======== Information supplied ========

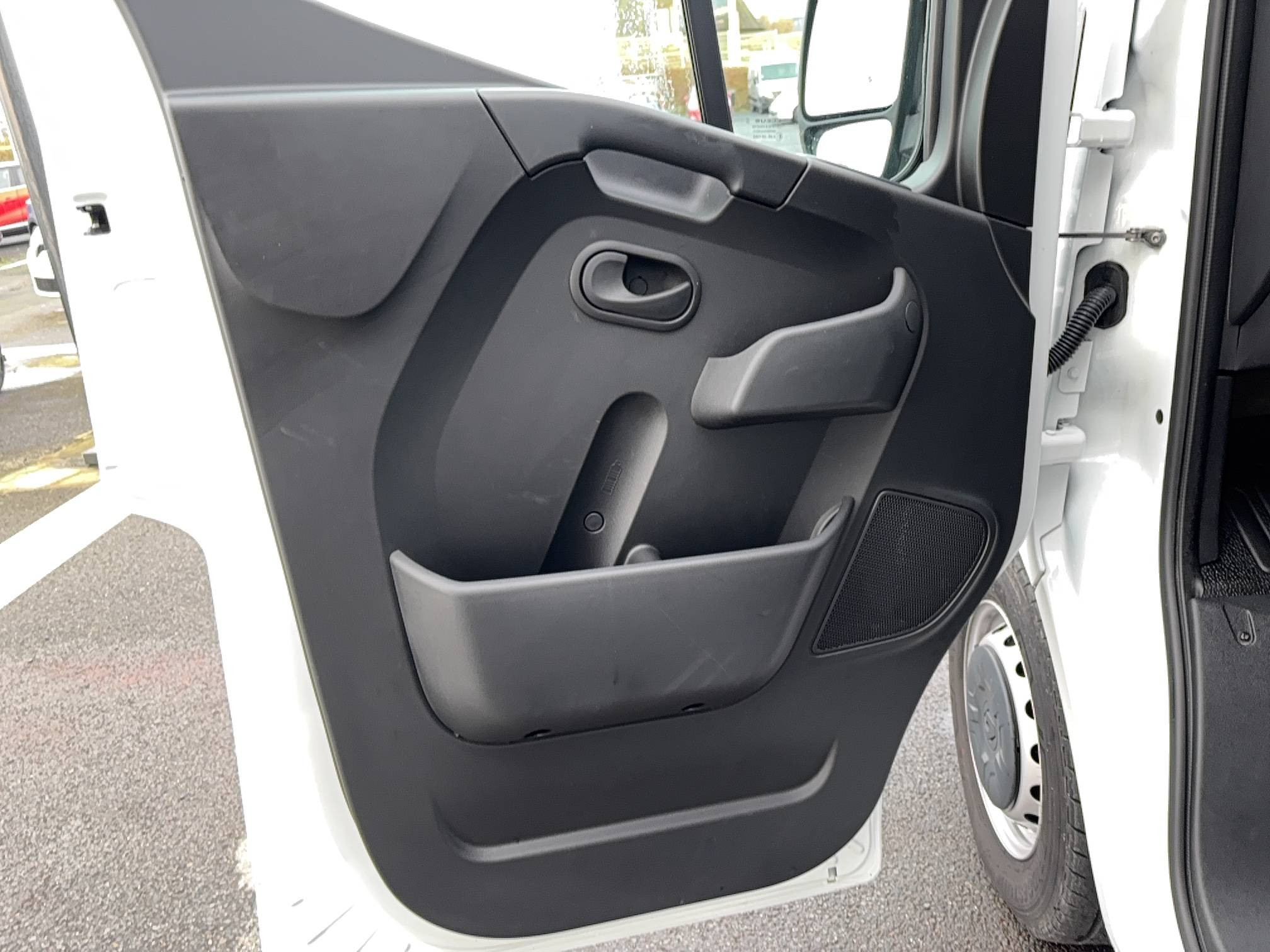 Vente en ligne Renault Master Fourgon MASTER FGN TRAC F3500 L2H2 BLUE DCI 135 au prix de 25 000 €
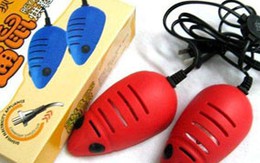 Không lo trời mưa với dụng cụ hong khô giày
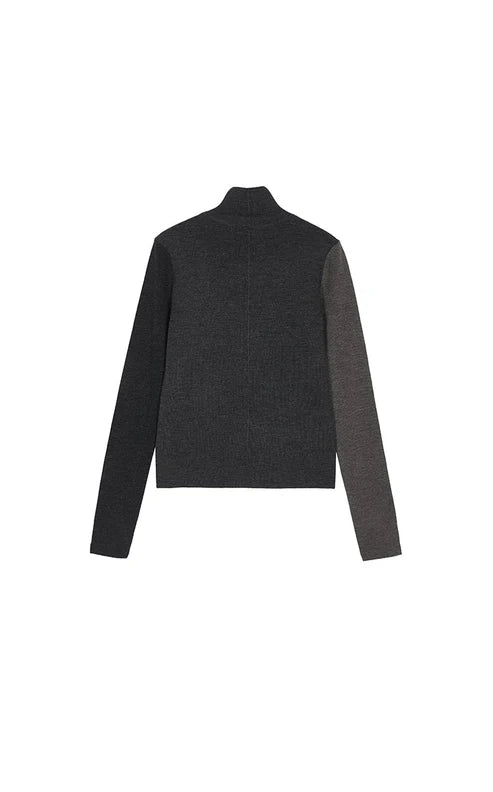 Pull ajusté à col montant en laine mérinos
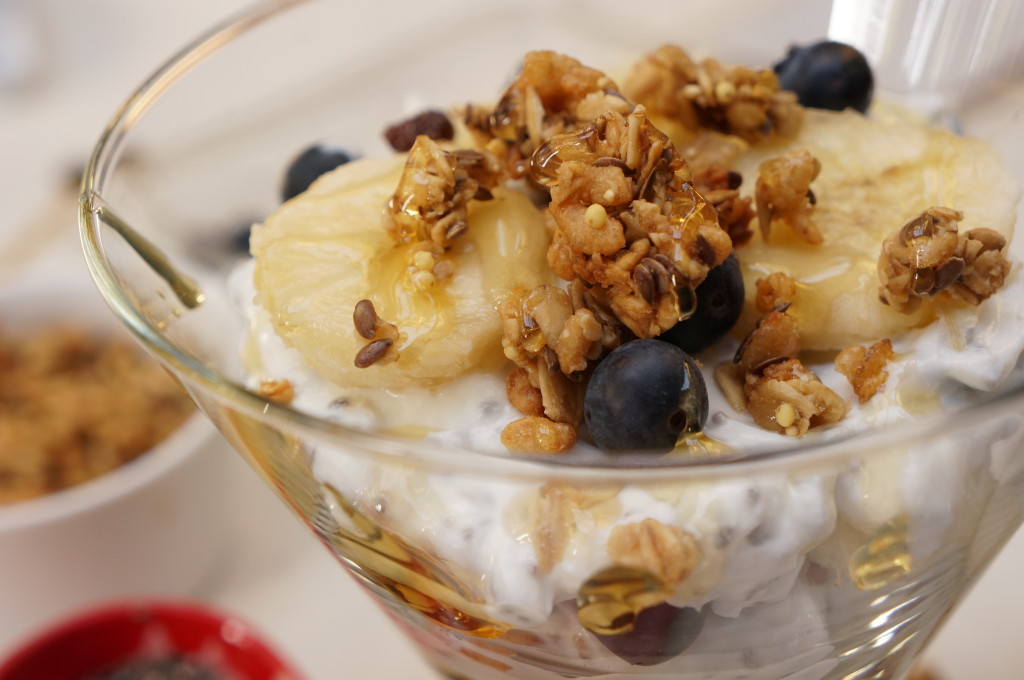 Healthy Granola Yogurt Parfait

========

Final stretch of the data: repeat exactly each line from the one containing "Không lo trời mưa với dụng cụ hong khô giày" through the last, and omit all pictures.

- _Written response_
 Không lo trời mưa với dụng cụ hong khô giày
 Pull ajusté à col montant en laine mérinos
 Healthy Granola Yogurt Parfait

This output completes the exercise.